Segment Start: SUPPLIED DATA
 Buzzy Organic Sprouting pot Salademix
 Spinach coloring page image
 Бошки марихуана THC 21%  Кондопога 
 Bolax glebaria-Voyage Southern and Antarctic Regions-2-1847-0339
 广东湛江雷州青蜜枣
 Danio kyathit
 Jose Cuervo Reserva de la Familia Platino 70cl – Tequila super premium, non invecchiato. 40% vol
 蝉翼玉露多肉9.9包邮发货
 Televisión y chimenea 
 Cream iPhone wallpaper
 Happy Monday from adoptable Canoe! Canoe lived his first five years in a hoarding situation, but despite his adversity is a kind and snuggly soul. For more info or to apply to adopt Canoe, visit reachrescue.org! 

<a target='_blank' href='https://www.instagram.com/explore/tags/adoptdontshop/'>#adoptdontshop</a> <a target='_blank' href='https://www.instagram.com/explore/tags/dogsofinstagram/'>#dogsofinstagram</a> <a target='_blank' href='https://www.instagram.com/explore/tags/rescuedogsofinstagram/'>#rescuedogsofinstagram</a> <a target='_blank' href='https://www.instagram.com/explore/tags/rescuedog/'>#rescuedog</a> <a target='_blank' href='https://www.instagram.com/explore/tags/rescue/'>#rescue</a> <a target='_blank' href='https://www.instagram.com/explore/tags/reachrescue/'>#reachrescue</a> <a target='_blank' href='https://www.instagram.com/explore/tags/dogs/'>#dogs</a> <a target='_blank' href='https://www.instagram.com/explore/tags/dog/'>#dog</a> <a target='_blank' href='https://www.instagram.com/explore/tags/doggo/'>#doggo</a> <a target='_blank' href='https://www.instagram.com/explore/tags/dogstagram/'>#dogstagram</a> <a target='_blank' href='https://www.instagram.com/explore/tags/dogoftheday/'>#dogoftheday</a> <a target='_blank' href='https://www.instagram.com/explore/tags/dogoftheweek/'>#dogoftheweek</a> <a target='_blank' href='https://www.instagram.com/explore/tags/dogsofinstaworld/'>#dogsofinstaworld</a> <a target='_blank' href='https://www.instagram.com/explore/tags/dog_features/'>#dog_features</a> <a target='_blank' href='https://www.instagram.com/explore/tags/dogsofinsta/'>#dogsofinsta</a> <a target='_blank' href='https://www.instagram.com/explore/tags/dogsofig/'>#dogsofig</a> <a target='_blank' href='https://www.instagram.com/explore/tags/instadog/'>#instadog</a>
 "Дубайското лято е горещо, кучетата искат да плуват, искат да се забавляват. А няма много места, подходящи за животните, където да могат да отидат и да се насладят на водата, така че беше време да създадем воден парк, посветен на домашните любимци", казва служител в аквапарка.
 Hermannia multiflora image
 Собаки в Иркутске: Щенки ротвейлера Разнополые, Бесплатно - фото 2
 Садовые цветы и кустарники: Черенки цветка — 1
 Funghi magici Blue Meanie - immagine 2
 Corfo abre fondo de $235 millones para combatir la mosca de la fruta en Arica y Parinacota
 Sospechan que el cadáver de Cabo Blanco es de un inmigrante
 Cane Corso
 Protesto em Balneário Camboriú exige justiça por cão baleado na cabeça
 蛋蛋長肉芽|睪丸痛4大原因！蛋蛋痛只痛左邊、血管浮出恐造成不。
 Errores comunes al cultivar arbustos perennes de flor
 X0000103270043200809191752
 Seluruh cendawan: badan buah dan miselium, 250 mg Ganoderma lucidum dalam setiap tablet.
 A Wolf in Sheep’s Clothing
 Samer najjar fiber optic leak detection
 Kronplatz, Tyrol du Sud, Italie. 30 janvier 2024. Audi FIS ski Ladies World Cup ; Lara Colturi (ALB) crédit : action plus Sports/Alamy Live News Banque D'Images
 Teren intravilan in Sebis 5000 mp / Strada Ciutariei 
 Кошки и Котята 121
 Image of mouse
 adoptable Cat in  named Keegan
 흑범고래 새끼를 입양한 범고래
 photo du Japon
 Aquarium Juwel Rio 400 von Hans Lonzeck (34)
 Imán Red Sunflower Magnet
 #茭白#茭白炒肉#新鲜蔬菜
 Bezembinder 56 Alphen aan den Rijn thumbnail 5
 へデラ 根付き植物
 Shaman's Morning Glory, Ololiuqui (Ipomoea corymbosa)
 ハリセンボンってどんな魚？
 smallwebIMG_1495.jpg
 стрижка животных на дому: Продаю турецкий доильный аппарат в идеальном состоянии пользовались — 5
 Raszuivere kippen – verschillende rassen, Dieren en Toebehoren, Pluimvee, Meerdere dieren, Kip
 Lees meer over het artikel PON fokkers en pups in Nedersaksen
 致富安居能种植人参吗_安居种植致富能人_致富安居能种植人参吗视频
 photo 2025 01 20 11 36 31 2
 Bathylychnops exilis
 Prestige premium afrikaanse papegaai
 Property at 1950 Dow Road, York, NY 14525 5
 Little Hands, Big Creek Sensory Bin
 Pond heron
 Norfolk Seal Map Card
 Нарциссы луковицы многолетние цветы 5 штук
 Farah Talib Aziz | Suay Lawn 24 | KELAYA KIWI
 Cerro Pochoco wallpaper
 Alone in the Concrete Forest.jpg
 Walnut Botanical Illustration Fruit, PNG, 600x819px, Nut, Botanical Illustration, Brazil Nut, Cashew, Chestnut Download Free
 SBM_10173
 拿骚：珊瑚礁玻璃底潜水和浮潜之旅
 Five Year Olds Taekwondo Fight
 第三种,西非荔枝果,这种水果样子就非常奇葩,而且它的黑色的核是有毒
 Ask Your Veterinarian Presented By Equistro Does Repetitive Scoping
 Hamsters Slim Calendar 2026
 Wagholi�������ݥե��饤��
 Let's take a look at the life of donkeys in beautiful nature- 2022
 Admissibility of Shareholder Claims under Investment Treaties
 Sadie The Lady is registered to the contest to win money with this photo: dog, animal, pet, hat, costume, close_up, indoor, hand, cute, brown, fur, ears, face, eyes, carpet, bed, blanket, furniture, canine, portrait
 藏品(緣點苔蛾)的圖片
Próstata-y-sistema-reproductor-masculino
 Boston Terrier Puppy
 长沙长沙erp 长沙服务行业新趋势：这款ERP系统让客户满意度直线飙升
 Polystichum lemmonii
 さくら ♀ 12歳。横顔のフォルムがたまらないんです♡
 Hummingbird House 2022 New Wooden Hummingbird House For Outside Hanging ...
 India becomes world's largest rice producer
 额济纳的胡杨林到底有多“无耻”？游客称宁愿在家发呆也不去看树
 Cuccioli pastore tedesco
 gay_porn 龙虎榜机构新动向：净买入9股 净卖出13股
Segment End: SUPPLIED DATA
#### TASK BRIEF:
Repeat the material exactly. Begin with its first line and end with the line that has "Cream iPhone wallpaper".

#### FINISHED EXERCISE:
 Buzzy Organic Sprouting pot Salademix
 Spinach coloring page image
 Бошки марихуана THC 21%  Кондопога 
 Bolax glebaria-Voyage Southern and Antarctic Regions-2-1847-0339
 广东湛江雷州青蜜枣
 Danio kyathit
 Jose Cuervo Reserva de la Familia Platino 70cl – Tequila super premium, non invecchiato. 40% vol
 蝉翼玉露多肉9.9包邮发货
 Televisión y chimenea 
 Cream iPhone wallpaper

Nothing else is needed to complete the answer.